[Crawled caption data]
※

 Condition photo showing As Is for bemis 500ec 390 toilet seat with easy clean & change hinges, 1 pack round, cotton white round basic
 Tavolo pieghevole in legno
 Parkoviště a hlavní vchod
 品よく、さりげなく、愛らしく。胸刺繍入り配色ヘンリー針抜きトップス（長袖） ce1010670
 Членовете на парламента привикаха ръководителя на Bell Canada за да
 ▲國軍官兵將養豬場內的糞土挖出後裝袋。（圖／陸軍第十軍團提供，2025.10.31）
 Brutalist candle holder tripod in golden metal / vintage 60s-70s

※

Search the entries for the line holding "Parkoviště a hlavní vchod". Return that line and the ones after it through the last, exactly.

Problem solution =>
 Parkoviště a hlavní vchod
 品よく、さりげなく、愛らしく。胸刺繍入り配色ヘンリー針抜きトップス（長袖） ce1010670
 Членовете на парламента привикаха ръководителя на Bell Canada за да
 ▲國軍官兵將養豬場內的糞土挖出後裝袋。（圖／陸軍第十軍團提供，2025.10.31）
 Brutalist candle holder tripod in golden metal / vintage 60s-70s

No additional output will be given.